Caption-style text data
◇ ◇ ◇ ◇

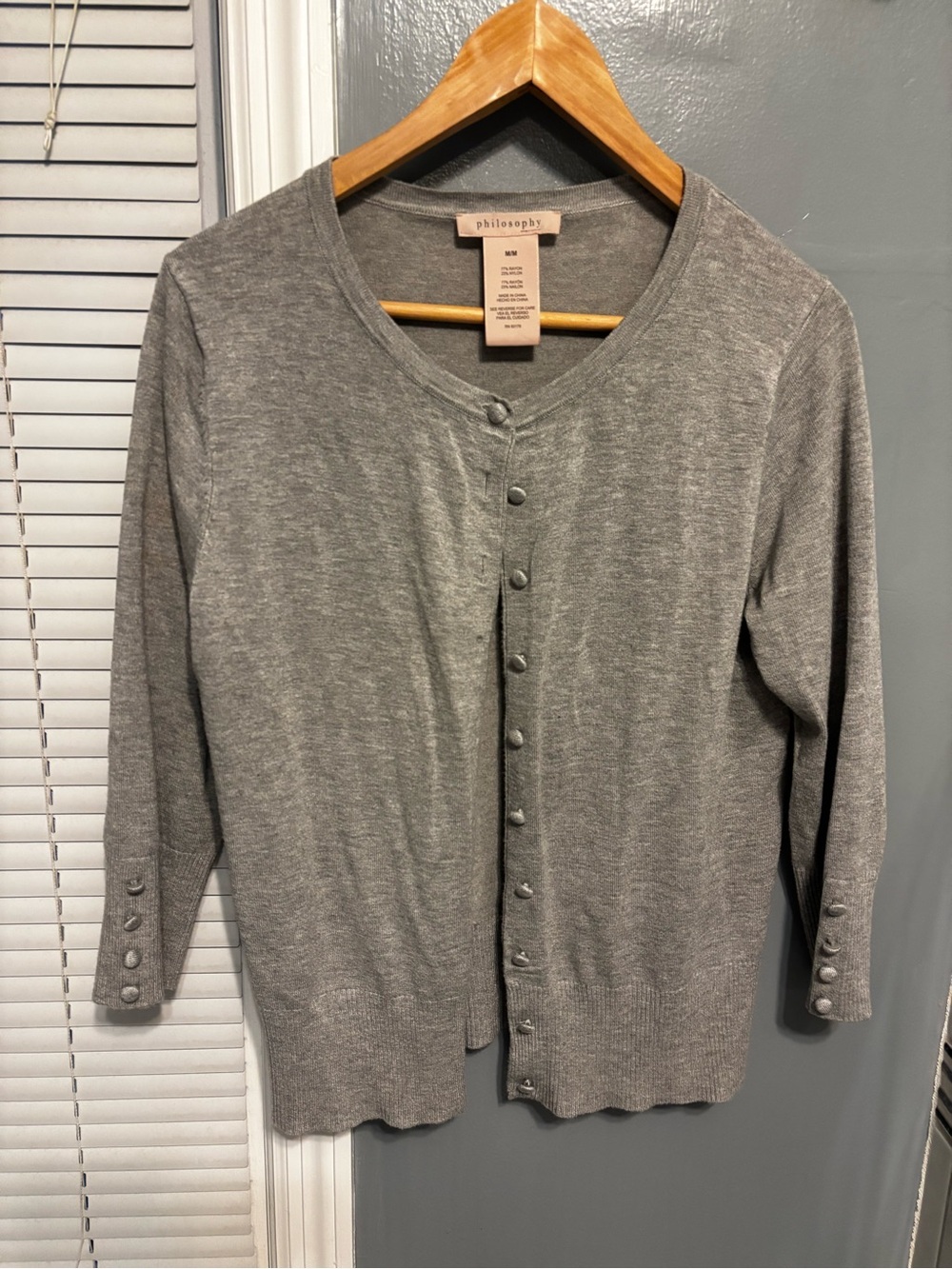 Philosophy Grey Cardigan M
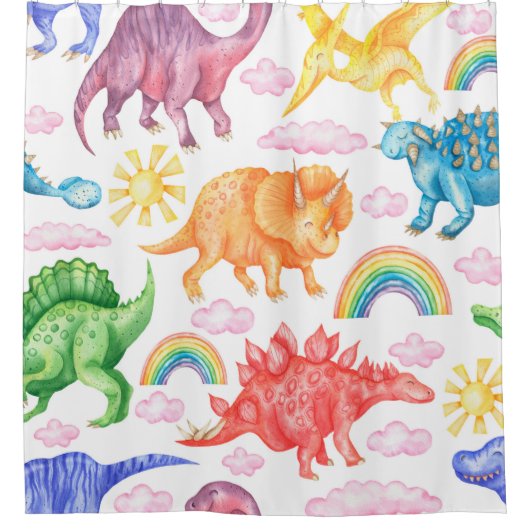 Seamless pattern depicting colored dinosaurs, rain シャワーカーテン (正面)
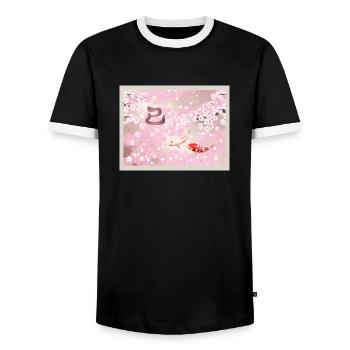 Chinese New Year 2025 Cherry Blossom Koi Fish - Men's Ringer Shirt - black/white - Front - AI Model Female 172 light (172cm) & AI Model Male 178 light (178cm)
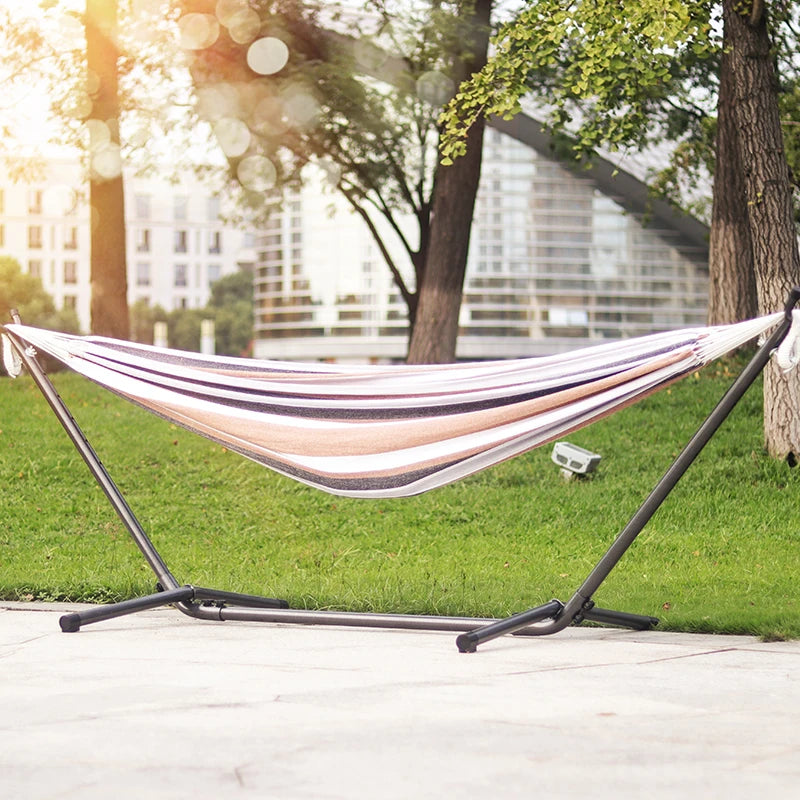 Outdoor Garden Camping Hammock Swing Chair Double Hammock with Steel Stand and Carrying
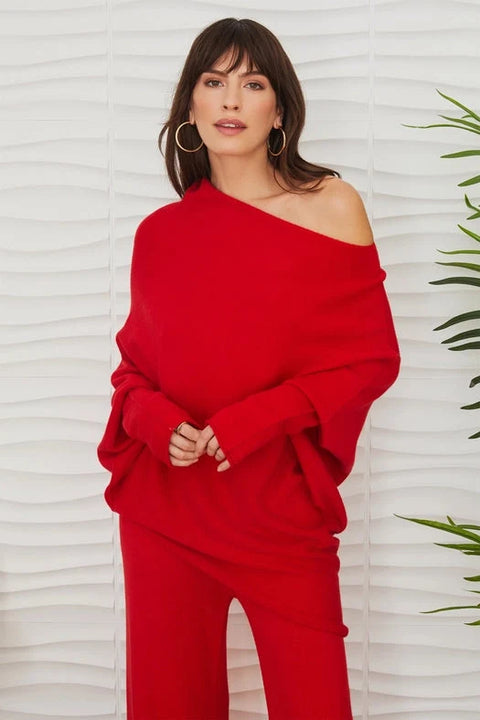 Asymmetrical Sweater - Red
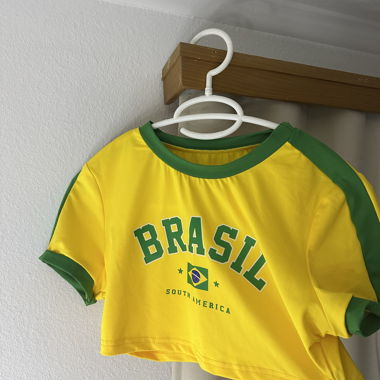 Gelbes Brasil Crop Top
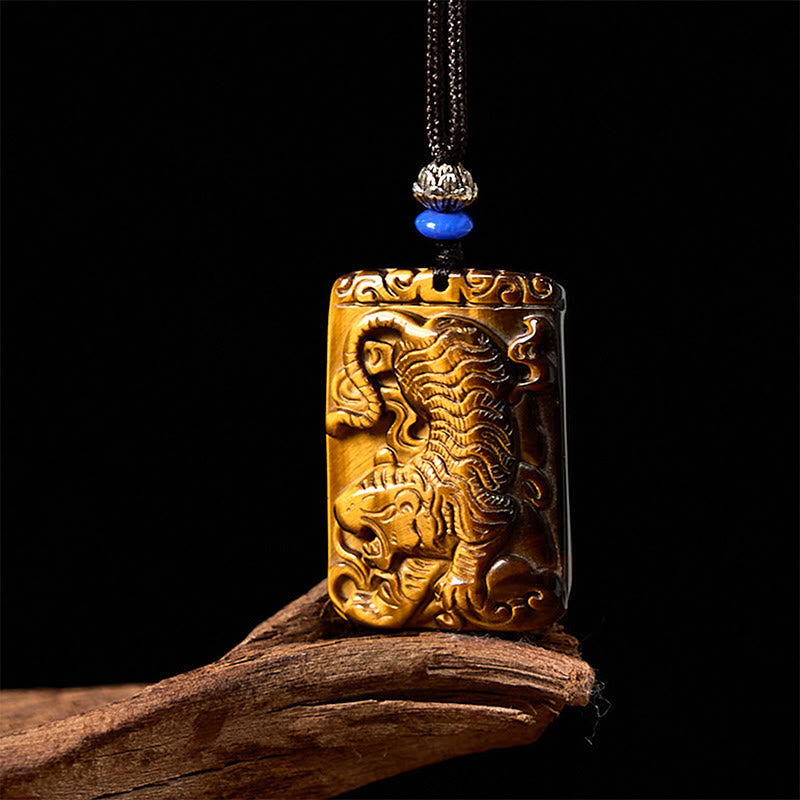 Buddha Stones Natural Tiger Eye Square Tiger Pattern Protection Rope Necklace Pendant - image 3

◇ ◇ ◇ ◇

Return only the line with "Seamless pattern depicting" and the lines after it up to the end of the records, exact and free of pictures.

» **Solution to this problem**
 Seamless pattern depicting colored dinosaurs, rain シャワーカーテン (正面)
 Chinese New Year 2025 Cherry Blossom Koi Fish - Men's Ringer Shirt - black/white - Front - AI Model Female 172 light (172cm) & AI Model Male 178 light (178cm)
 Outdoor Garden Camping Hammock Swing Chair Double Hammock with Steel Stand and Carrying
 Asymmetrical Sweater - Red
 Gelbes Brasil Crop Top
 Buddha Stones Natural Tiger Eye Square Tiger Pattern Protection Rope Necklace Pendant - image 3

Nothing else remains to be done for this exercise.